> _What is expected_: Begin at the line that holds "UUD1E220MCL1GS商品缩略图" and retype every line through the end of the material, both included. Leave out the pictures.

*** Opening of Excerpted records ***

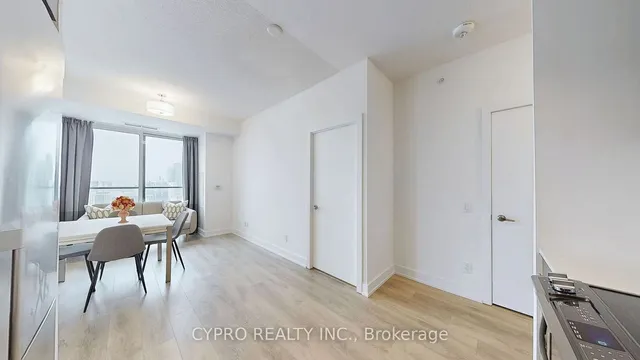 Additional image 16 of 128 Fairview Mall Dr Unit 1511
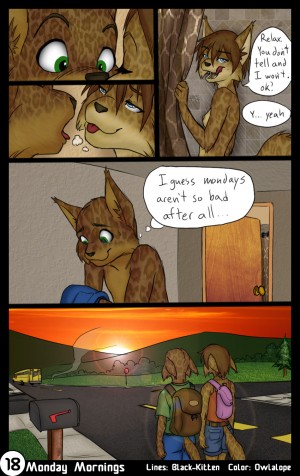 9Cloud.us_0017-1338376BlackkittenPage18U18Chan.jpg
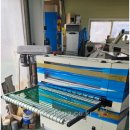 (주)정엔지니어링 이미지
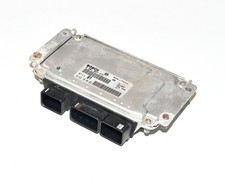 Centralina motore 9643218980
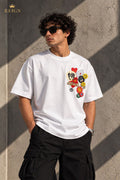 We11done T-shirt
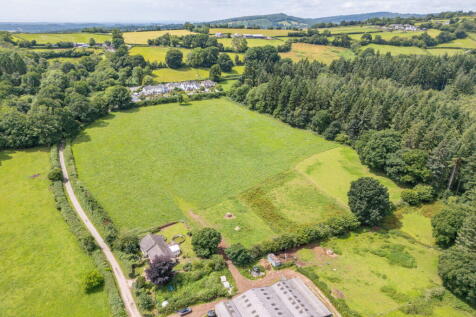 Property Image 76
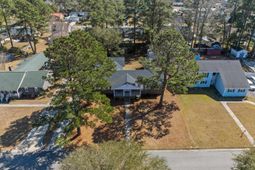 1505 Jenkins Dr.  photo 4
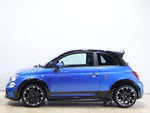ABARTH 695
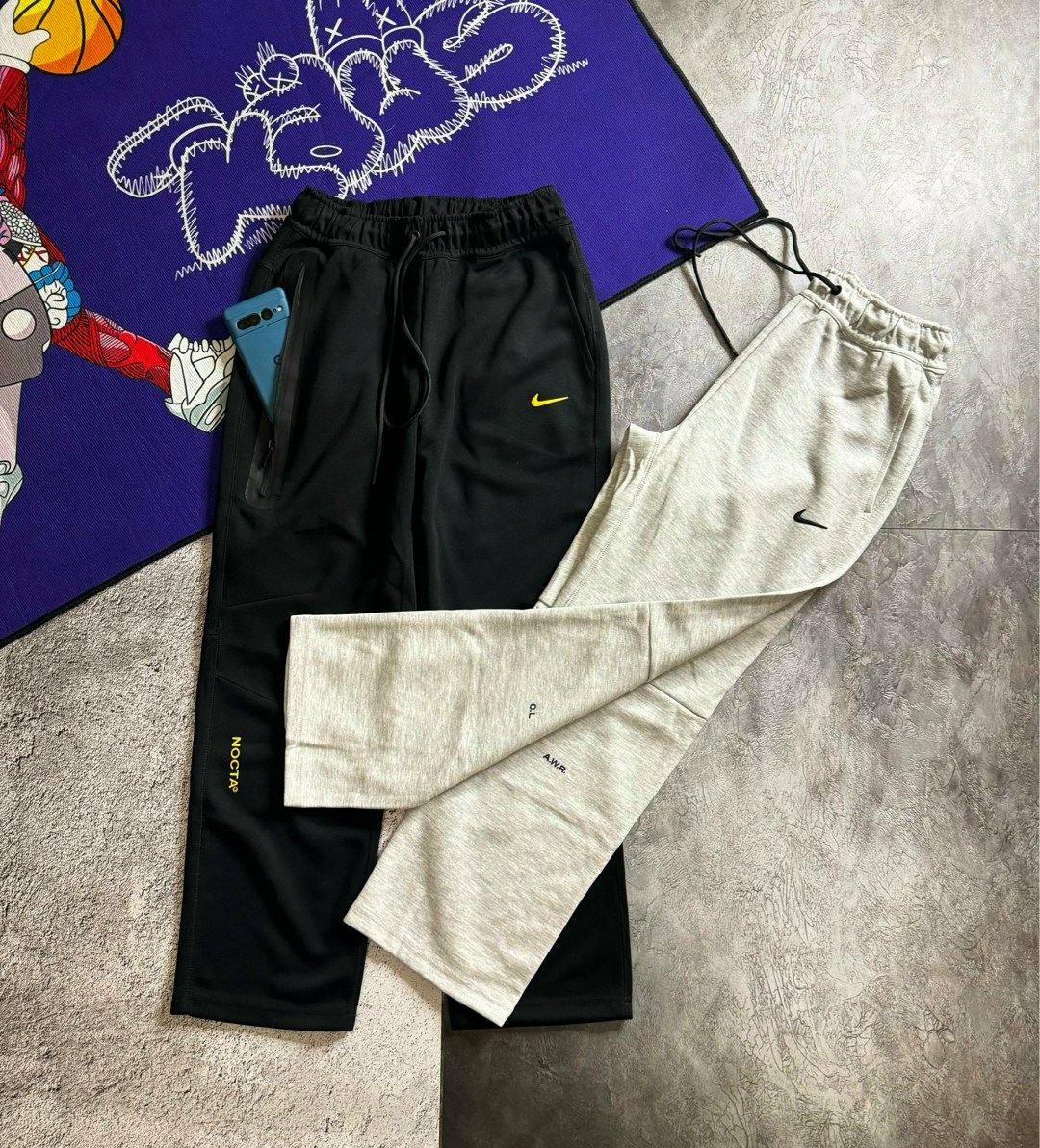 штаны спортивные,спортивные брюки,брюки светлые,спортивные штаны nike мужские,штаны мужские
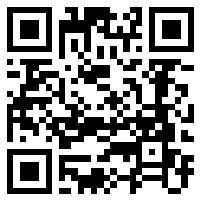 QR Code for XoAdbaSX8DWU3Vhew3qZ8oqidFcJSFigob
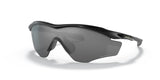 Oakley M2 Frame XL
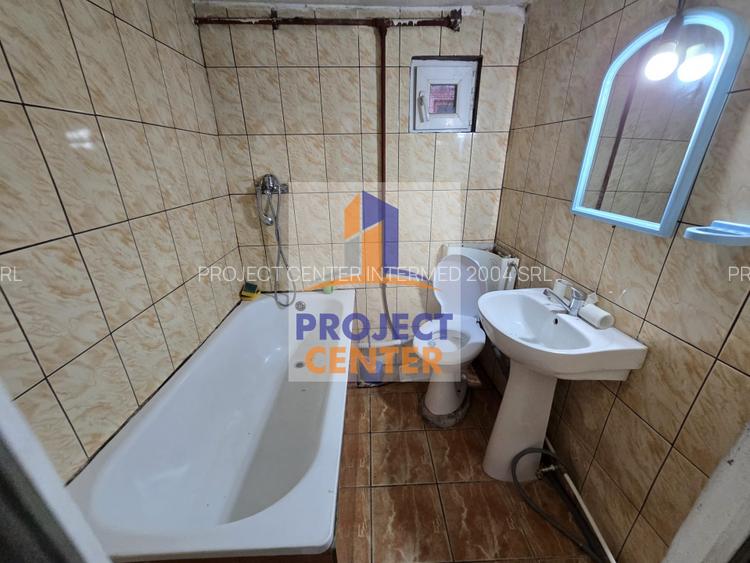 Casa P+M, Suprafata utila 220 mp, Teren 1.150 mp, Ștefanesti - 15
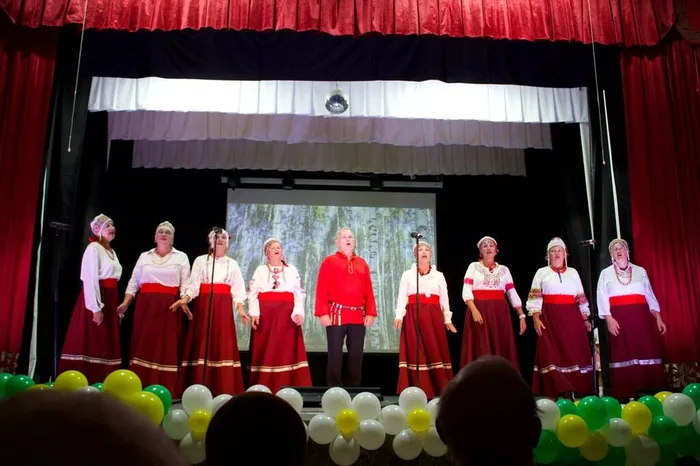 photo_2024-07-08_19-57-48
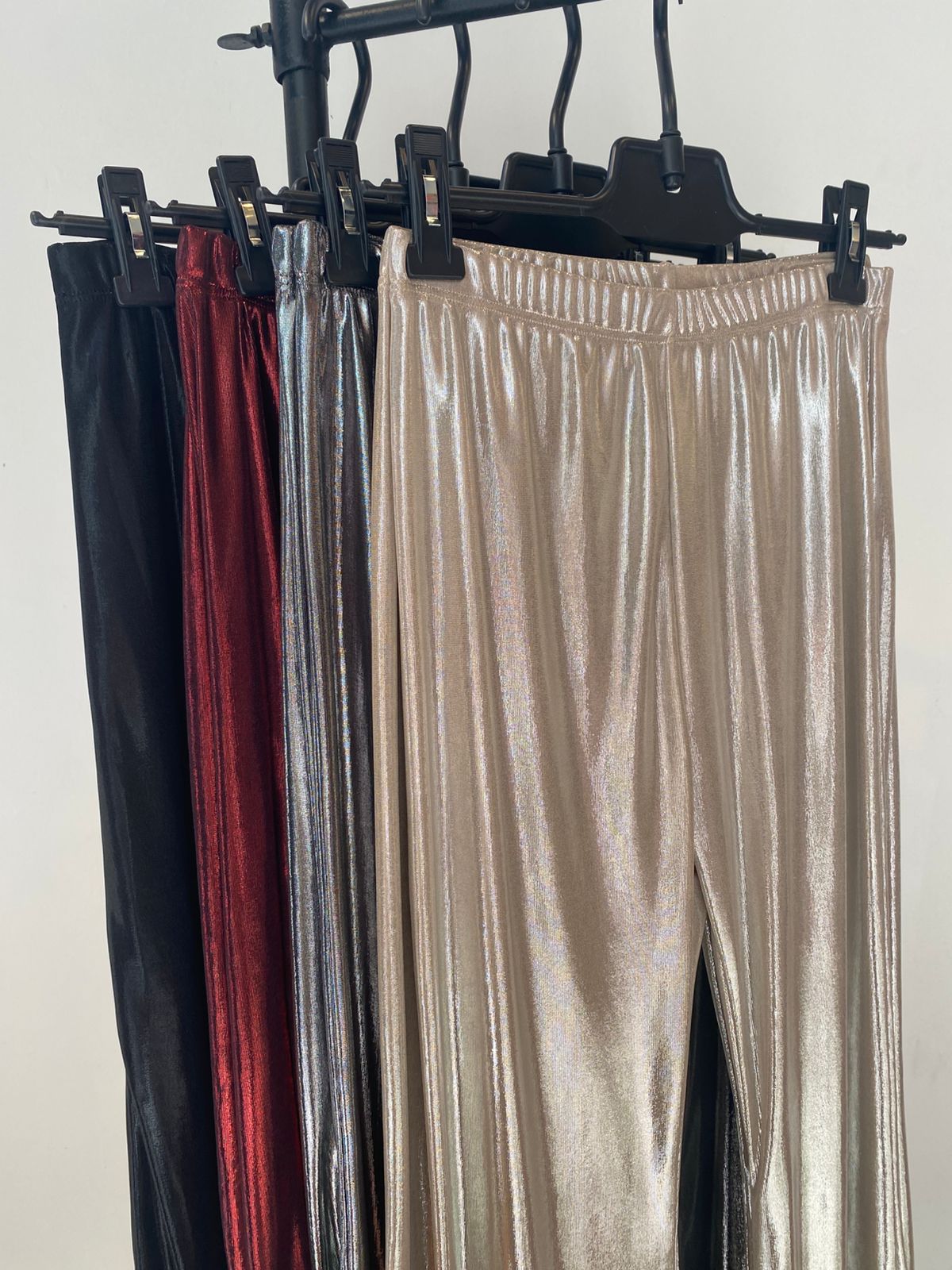 N14 Pantalon Oxford Metalizado Plus Size - WhatsApp%20Image%202025-11-08%20at%2009.21.36%20(1).jpeg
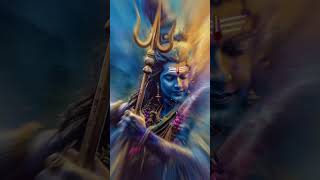 Sachet parampara lord shiva songs shivtandavstotram har har shiv shankar [upl. by Gustave]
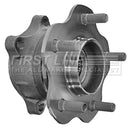 First Line Wheel Bearing Kit  - FBK1319
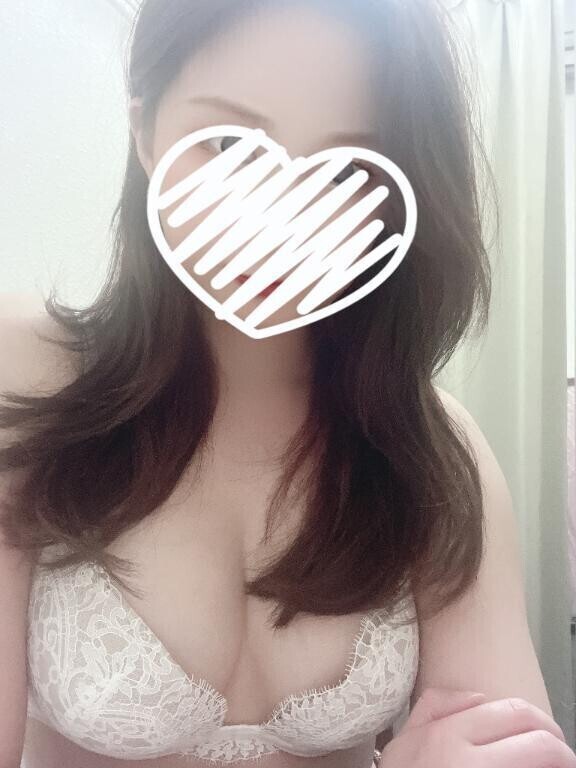 ありがとう︎︎ございました✨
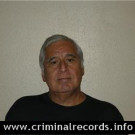 RAUL R MARTINEZ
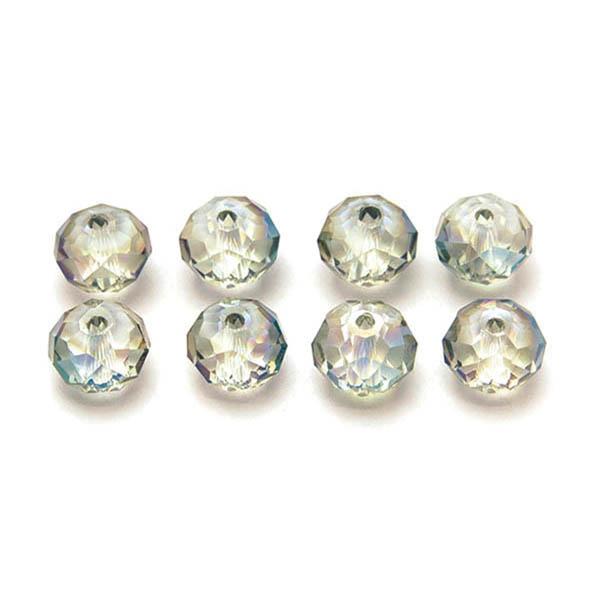 07 Gx[ KX{^Jbg8mm O[O[ 8 BJ-504 3 ANZT[ r[Y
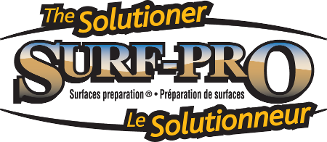 SURF-PRO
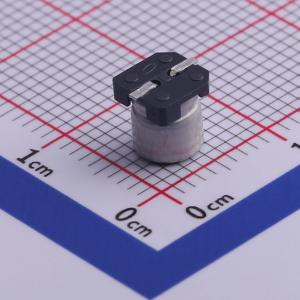 UUD1E220MCL1GS商品缩略图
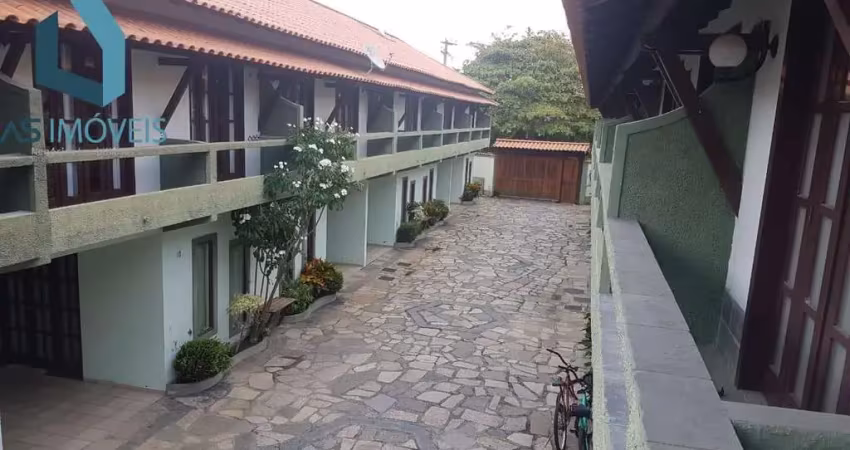 Casa em condomínio para venda em cabo frio, peró, 3 dormitórios, 1 suíte, 3 banheiros, 1 vaga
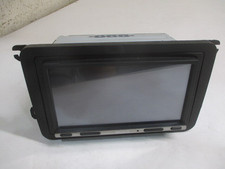 Aftermarket sony multimedia for sale  Akron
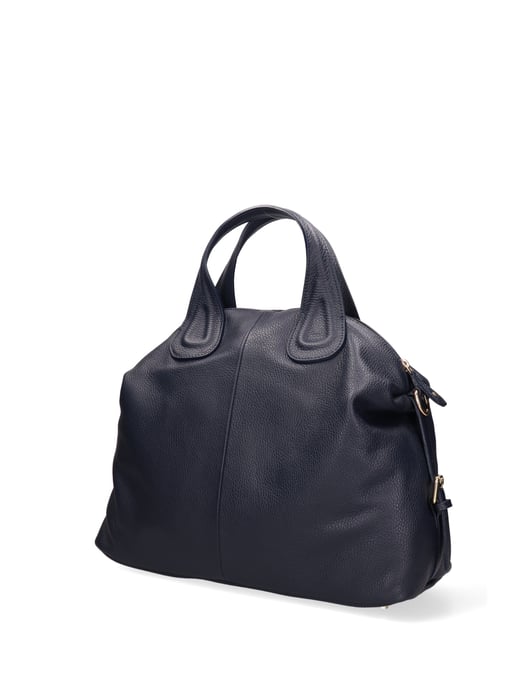 Chiara Ferretti Bolso de mano Women - Image 2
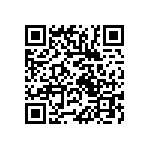 MS46SR-20-350-Q2-03X-03R-NC-FN QRCode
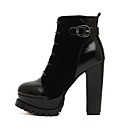 chaussures pour femm...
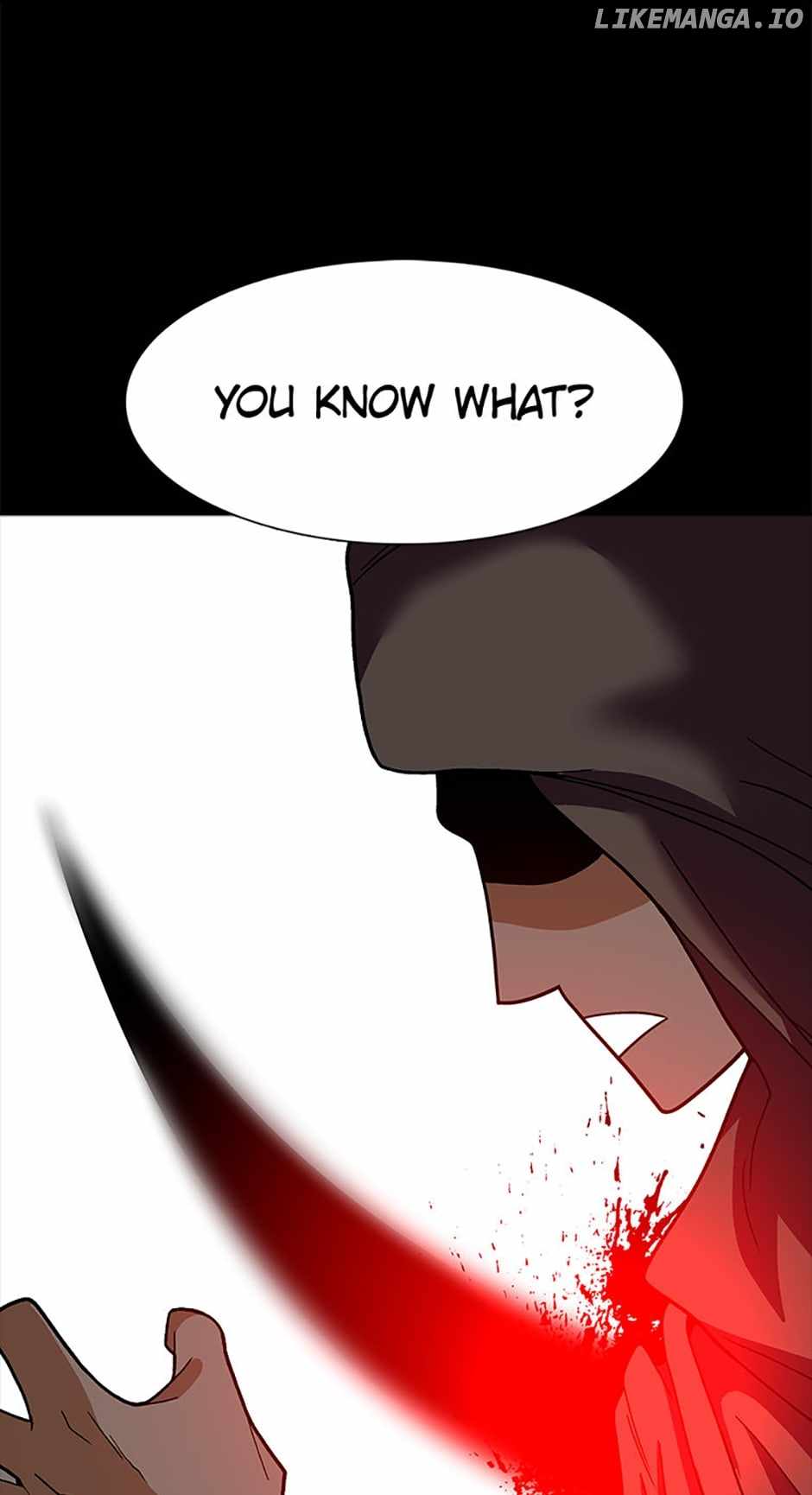 92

*** Close of Excerpted records ***

> _Answer below_:
 UUD1E220MCL1GS商品缩略图
 Casa em condomínio para venda em cabo frio, peró, 3 dormitórios, 1 suíte, 3 banheiros, 1 vaga
 Aftermarket sony multimedia for sale  Akron
 Chiara Ferretti Bolso de mano Women - Image 2
 MS46SR-20-350-Q2-03X-03R-NC-FN QRCode
 chaussures pour femm...
 92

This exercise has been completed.